The City of Fate has adopted a “fiscal sustainability” policy direction in its recently adopted Comprehensive Plan (adopted October 2021). But what does fiscal sustainability mean? For us, it means that over a long-term period the City of Fate will be able to cover its cost obligations and provide high service quality for its residents without major increases in property tax rates, high levels of debt through bond issuances, or degradation of city facilities due to lack of maintenance staff or resources. To maintain fiscal sustainability it is therefore critical that we evaluate new development proposals not only against our adopted development regulations and construction standards but also in relation to the fiscal productivity of the project.

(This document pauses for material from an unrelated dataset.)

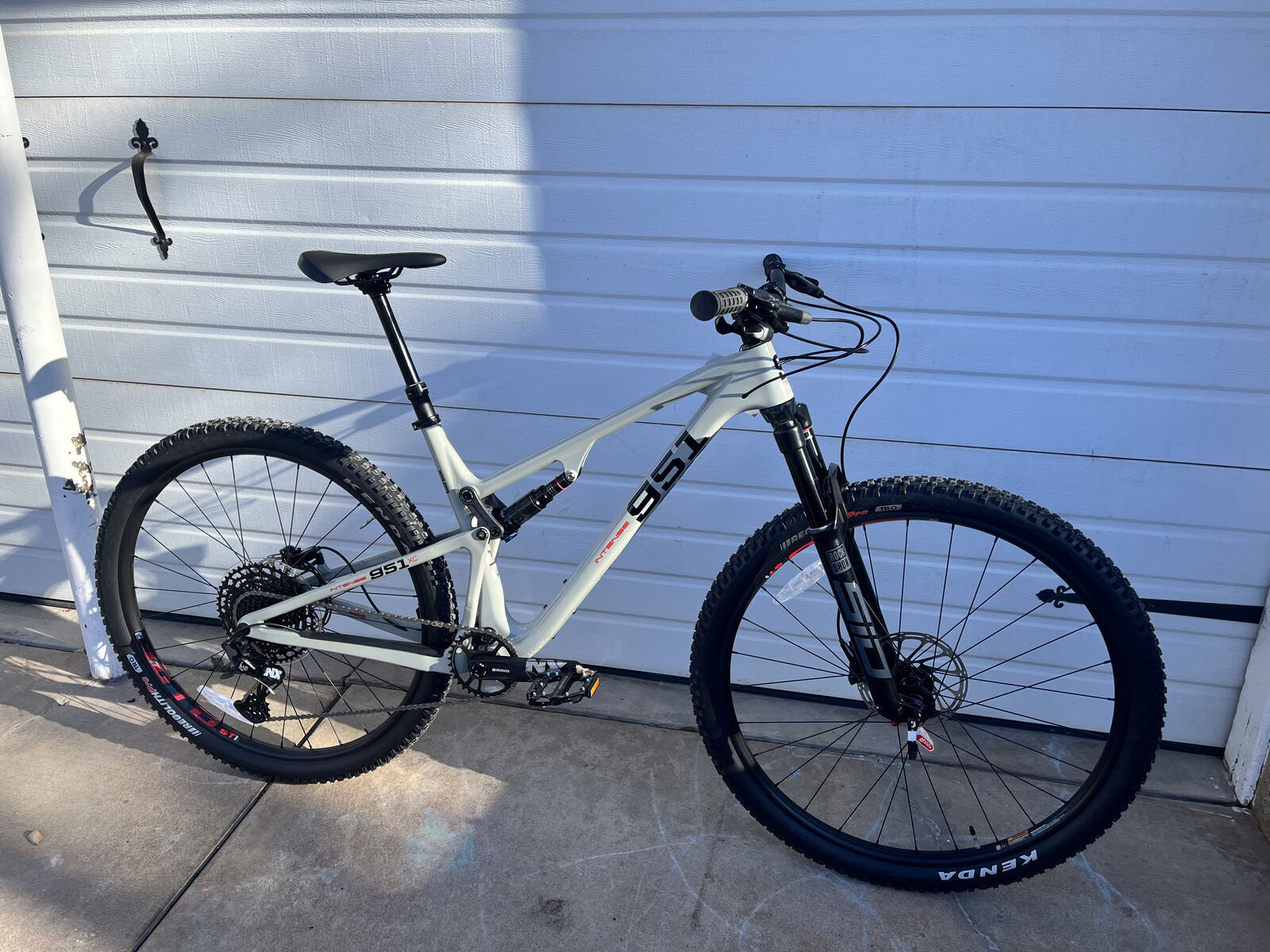 NEW & ASSEMBLED: Intense 951 XC Carbon (Size Medium)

Fiscal productivity is the amount of private wealth created on any specific land area of the city. Productivity is measured in value per acre terms to be fair when comparing parcels of different sizes. As we evaluate the fiscal productivity of a project (which translates, in part, to tax revenues to the city) in our fiscal analysis spreadsheet below, we also estimate the ongoing maintenance costs and the future replacement costs of the infrastructure serving the development and the annual general service (public safety and general administrative services) costs for the project (which are all cost obligations on the city).

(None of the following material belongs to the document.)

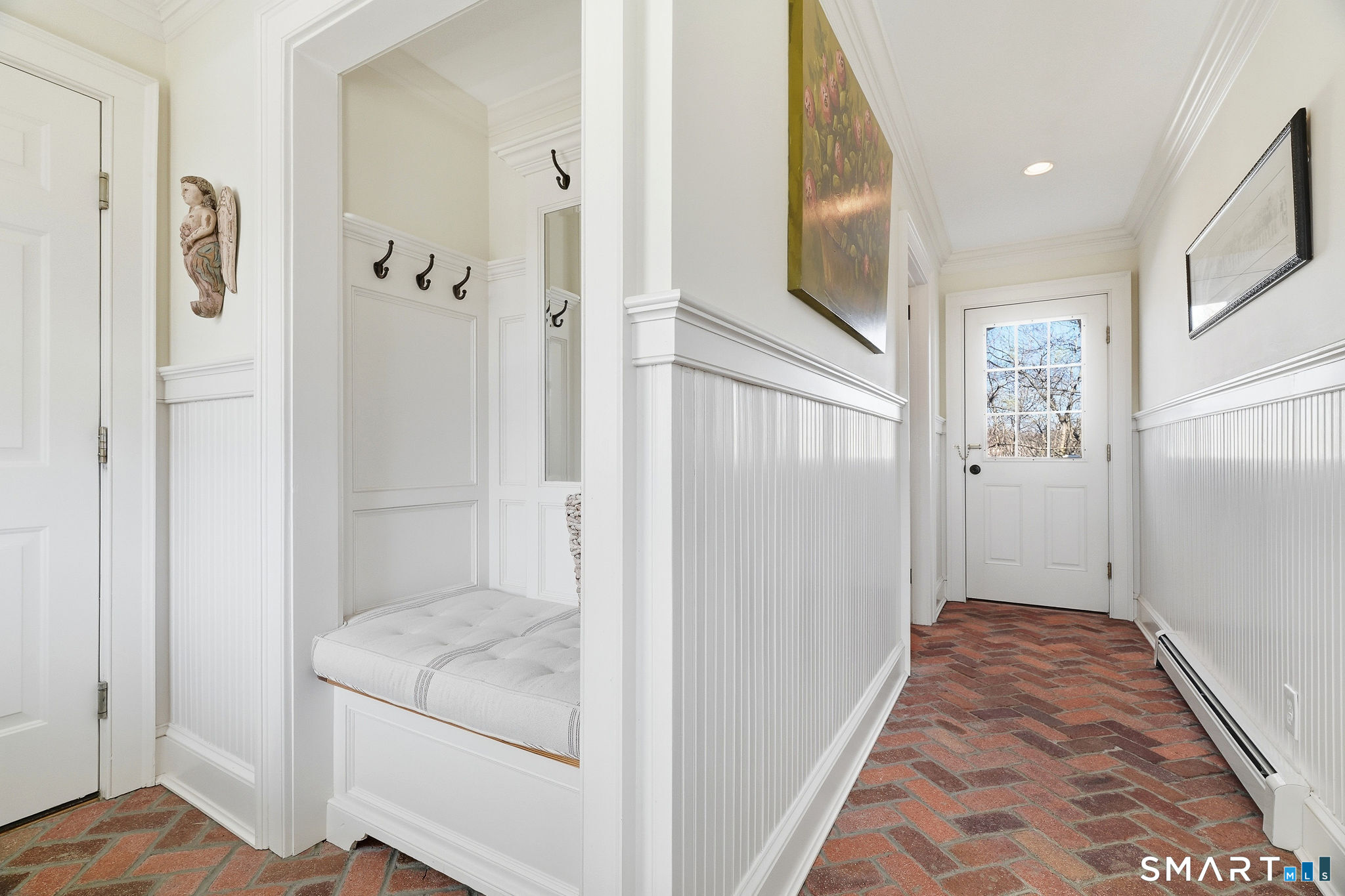 1 Hathaway Road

These contributions and costs are compared to one another to ultimately determine if a project is going to contribute to the long-term fiscal sustainability of the city, or whether it will serve as a financial drain on our city’s taxpayers. This calculation serves as a decision-making tool and is not the sole determining factor in whether a project is approved or denied by the City’s decision-makers. At times, a project that is not “fiscally sustainable” may still be desired by the city due to other factors such as cultural, tourism, catalyst, or other qualities.